- Assignment
Repeat exactly the lines of the entries below from the one with "Rubinet Two Handle" through the one with "spooky vintage hockey mask stock photo", both ends included, and nothing else.

- Supplied material

————————

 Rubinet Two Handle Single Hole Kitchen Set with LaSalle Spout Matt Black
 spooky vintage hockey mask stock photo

————————

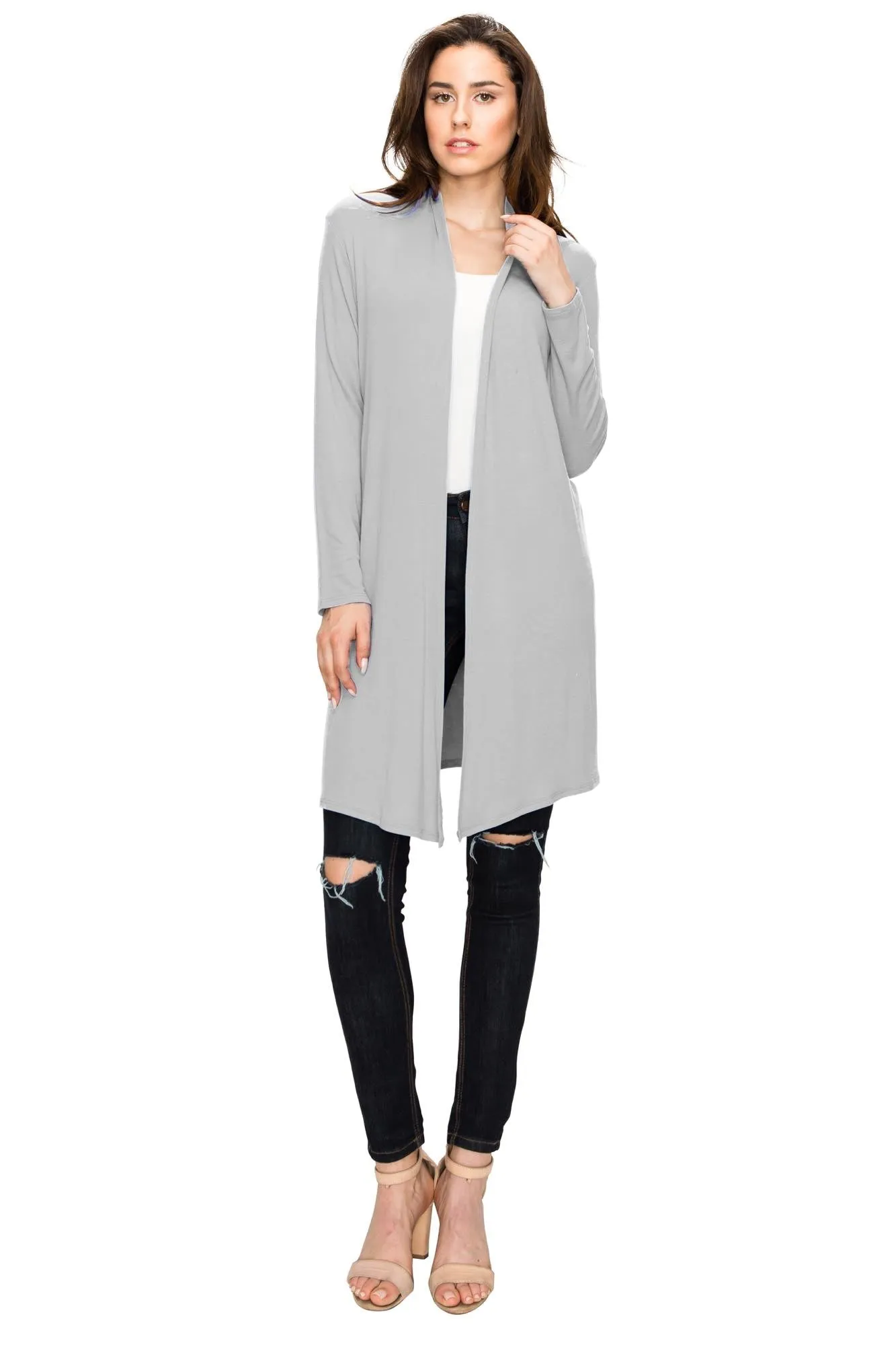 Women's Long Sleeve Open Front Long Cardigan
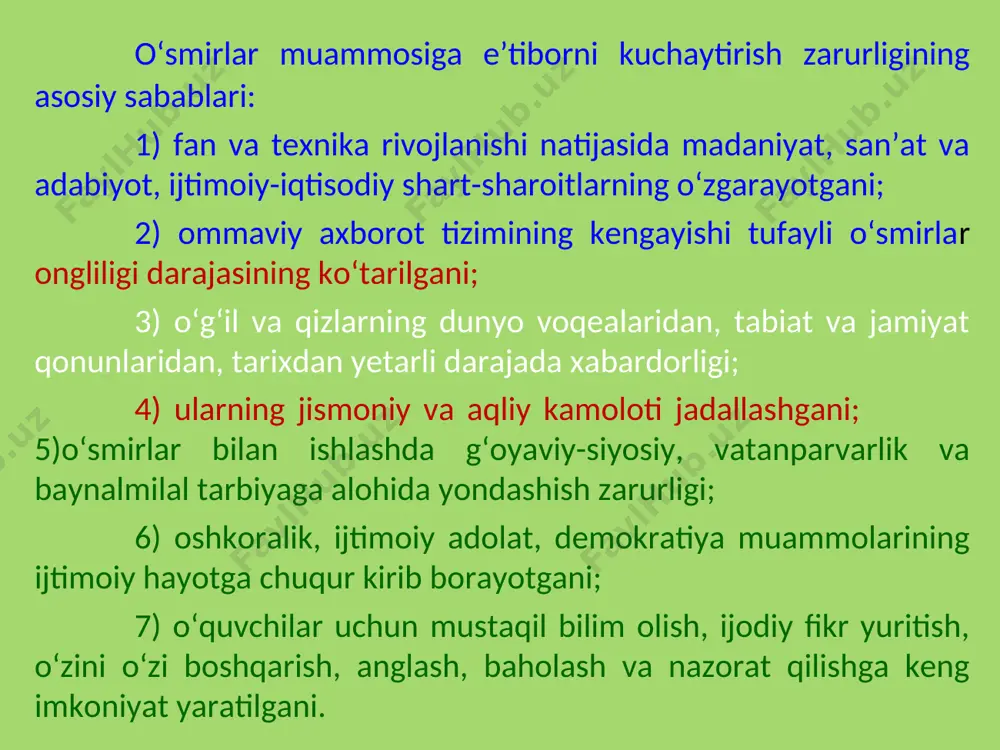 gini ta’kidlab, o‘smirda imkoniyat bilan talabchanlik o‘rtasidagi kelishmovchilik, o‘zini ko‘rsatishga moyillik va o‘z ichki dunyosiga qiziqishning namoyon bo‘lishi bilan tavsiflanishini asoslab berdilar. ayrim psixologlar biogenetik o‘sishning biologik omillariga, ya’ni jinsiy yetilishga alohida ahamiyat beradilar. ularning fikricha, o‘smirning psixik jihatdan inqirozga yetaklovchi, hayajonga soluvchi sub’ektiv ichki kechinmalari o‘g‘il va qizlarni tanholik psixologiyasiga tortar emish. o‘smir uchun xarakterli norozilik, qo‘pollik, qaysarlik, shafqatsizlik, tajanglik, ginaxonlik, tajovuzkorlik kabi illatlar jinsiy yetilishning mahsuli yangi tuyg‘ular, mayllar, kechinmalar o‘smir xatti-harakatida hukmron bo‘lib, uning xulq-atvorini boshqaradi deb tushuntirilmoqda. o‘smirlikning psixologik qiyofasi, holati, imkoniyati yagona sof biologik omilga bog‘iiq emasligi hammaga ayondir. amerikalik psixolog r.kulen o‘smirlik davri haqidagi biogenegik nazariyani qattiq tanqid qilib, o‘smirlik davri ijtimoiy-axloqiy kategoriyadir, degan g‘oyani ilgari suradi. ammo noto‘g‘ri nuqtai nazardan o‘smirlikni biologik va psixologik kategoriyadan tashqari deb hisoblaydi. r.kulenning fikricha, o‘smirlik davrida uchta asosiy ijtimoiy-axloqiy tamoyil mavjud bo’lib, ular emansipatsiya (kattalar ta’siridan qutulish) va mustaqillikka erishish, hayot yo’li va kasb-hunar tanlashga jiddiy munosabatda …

————————

- Your solution
 Rubinet Two Handle Single Hole Kitchen Set with LaSalle Spout Matt Black
 spooky vintage hockey mask stock photo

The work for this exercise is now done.